:: WHAT THE TASK REQUIRES ::
For this exercise, write each entry below out precisely and omit the pictures.

Start of SUPPLIED MATERIAL

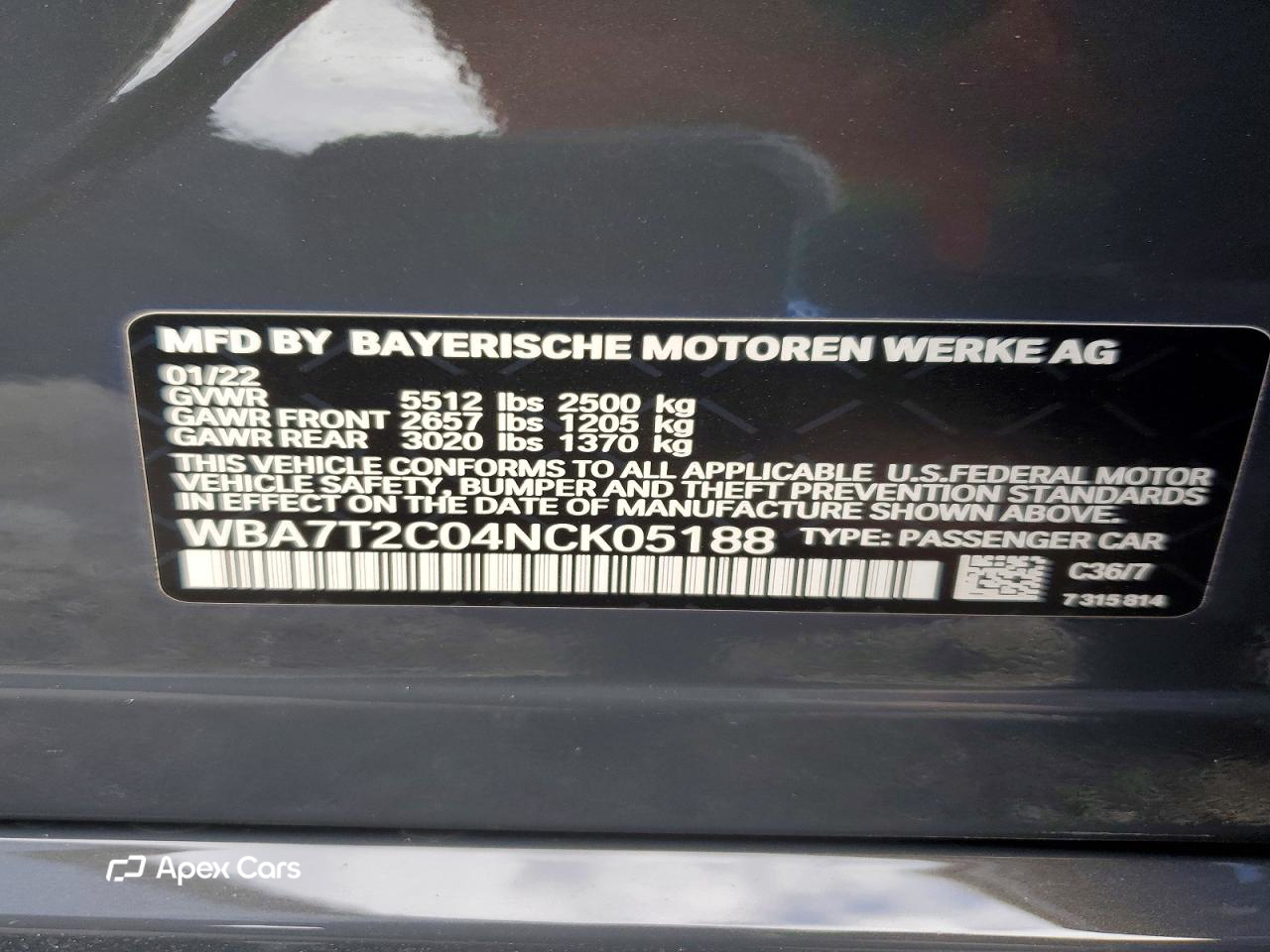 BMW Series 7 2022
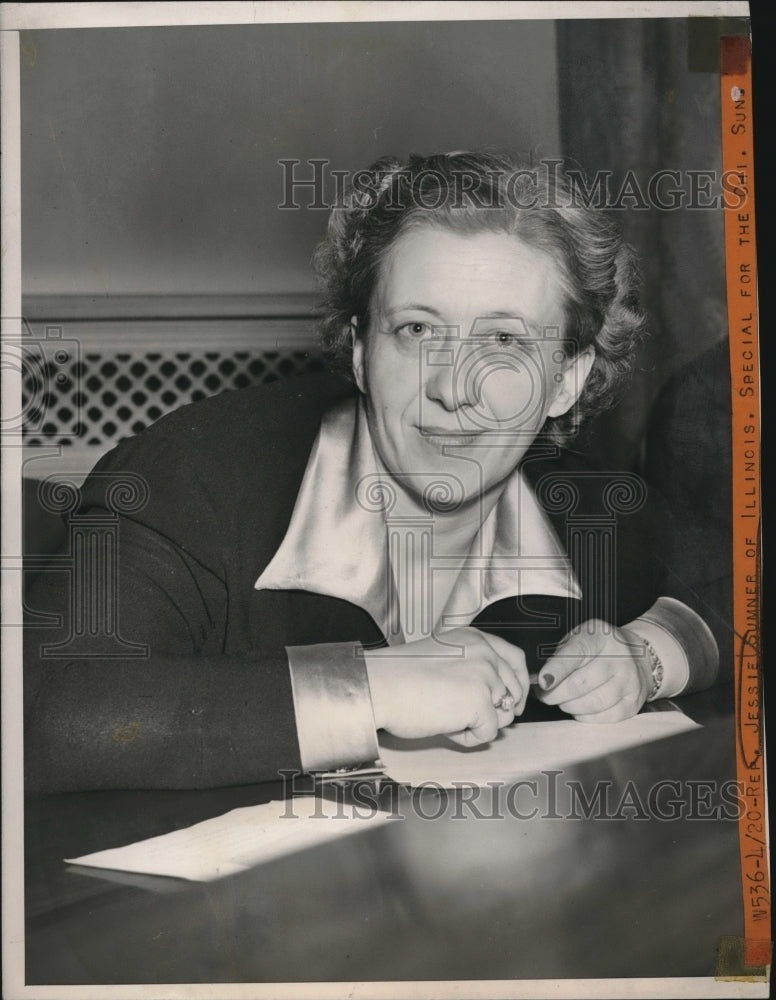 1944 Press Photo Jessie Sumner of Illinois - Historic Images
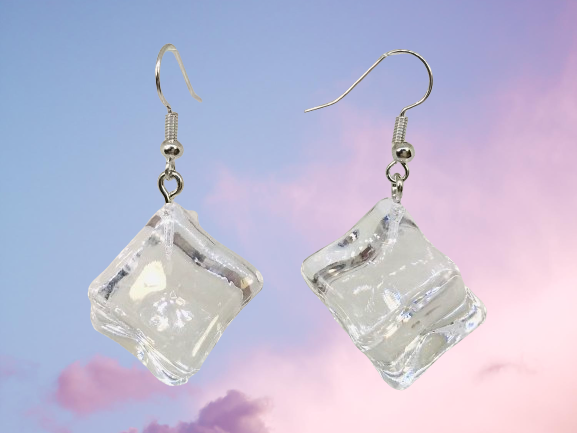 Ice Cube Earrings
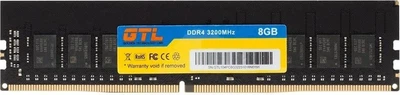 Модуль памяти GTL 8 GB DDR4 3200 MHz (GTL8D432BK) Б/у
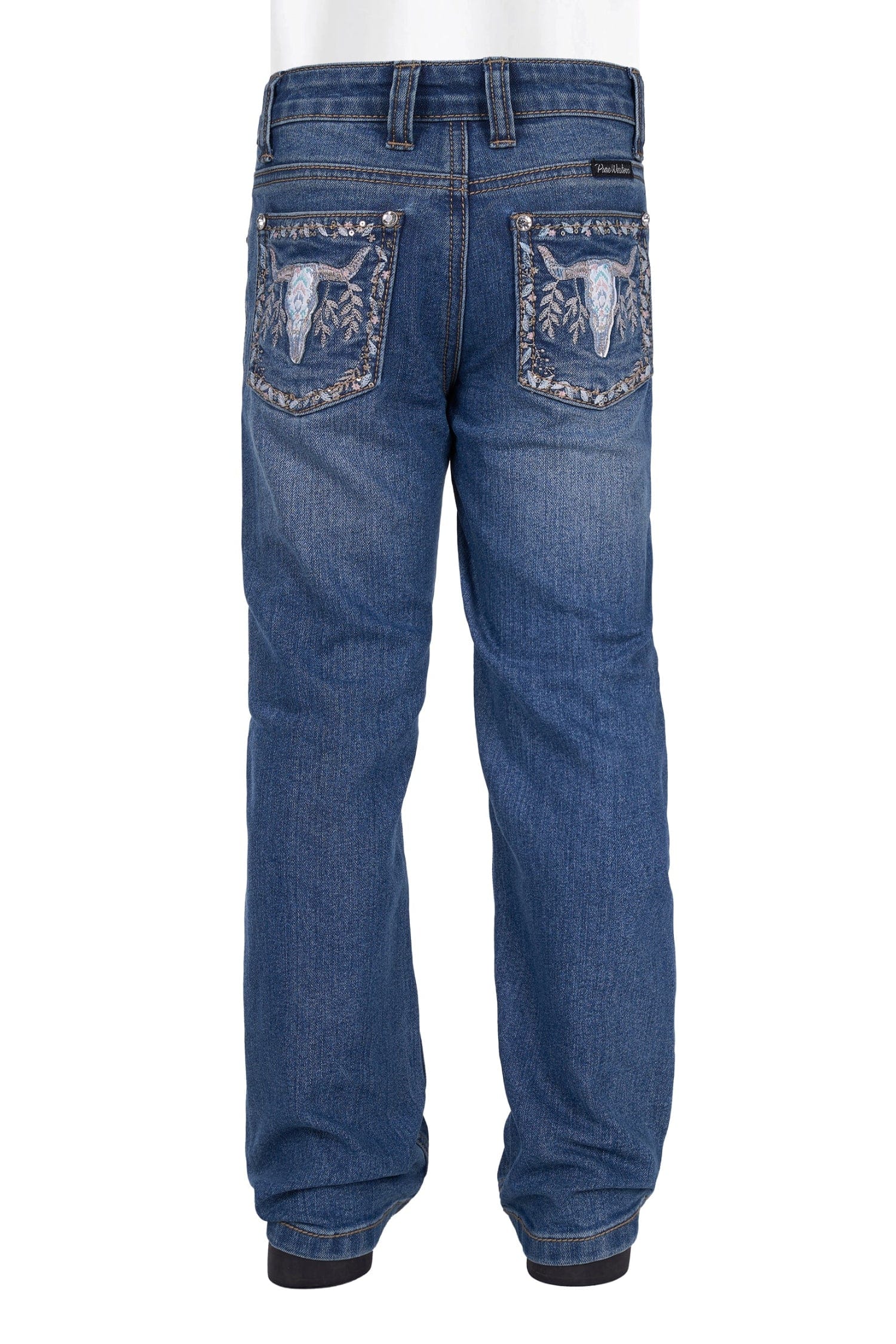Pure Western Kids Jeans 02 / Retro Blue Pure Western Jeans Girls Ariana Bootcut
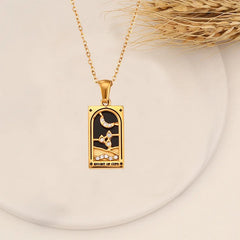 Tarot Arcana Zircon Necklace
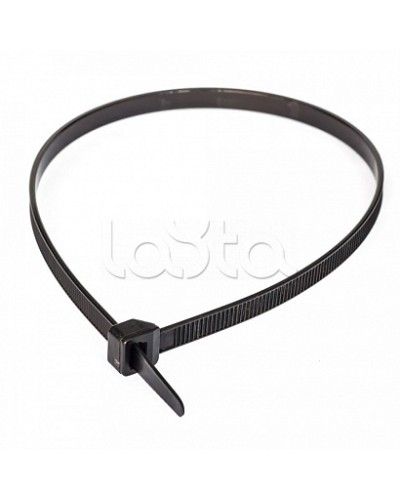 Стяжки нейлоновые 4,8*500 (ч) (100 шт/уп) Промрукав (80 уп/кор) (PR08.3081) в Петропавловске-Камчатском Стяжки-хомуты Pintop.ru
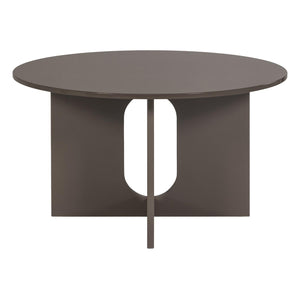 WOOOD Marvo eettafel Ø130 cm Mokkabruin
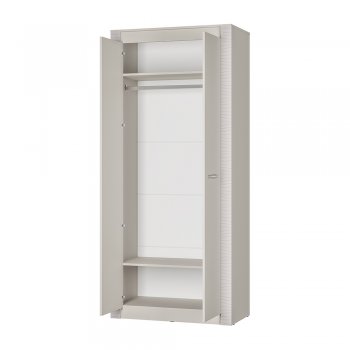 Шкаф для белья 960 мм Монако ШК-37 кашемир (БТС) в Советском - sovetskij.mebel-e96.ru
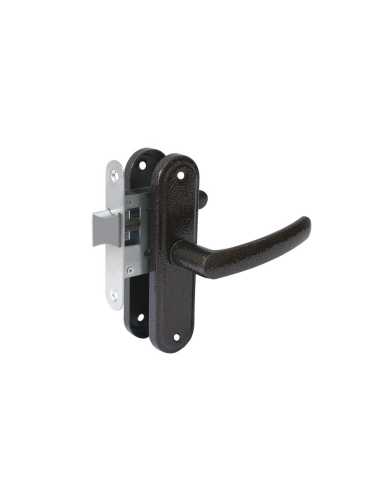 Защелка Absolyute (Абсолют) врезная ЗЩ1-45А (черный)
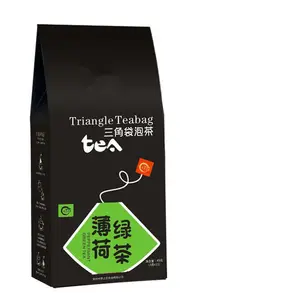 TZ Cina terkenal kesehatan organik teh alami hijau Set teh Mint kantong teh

End of SUPPLIED MATERIAL

:: EXERCISE ANSWER ::
 BMW Series 7 2022
 1944 Press Photo Jessie Sumner of Illinois - Historic Images
 Ice Cube Earrings
 Модуль памяти GTL 8 GB DDR4 3200 MHz (GTL8D432BK) Б/у
Pure Western Kids Jeans 02 / Retro Blue Pure Western Jeans Girls Ariana Bootcut
 Tarot Arcana Zircon Necklace
 Стяжки нейлоновые 4,8*500 (ч) (100 шт/уп) Промрукав (80 уп/кор) (PR08.3081) в Петропавловске-Камчатском Стяжки-хомуты Pintop.ru
 WOOOD Marvo eettafel Ø130 cm Mokkabruin
 Шкаф для белья 960 мм Монако ШК-37 кашемир (БТС) в Советском - sovetskij.mebel-e96.ru
 Защелка Absolyute (Абсолют) врезная ЗЩ1-45А (черный)
 TZ Cina terkenal kesehatan organik teh alami hijau Set teh Mint kantong teh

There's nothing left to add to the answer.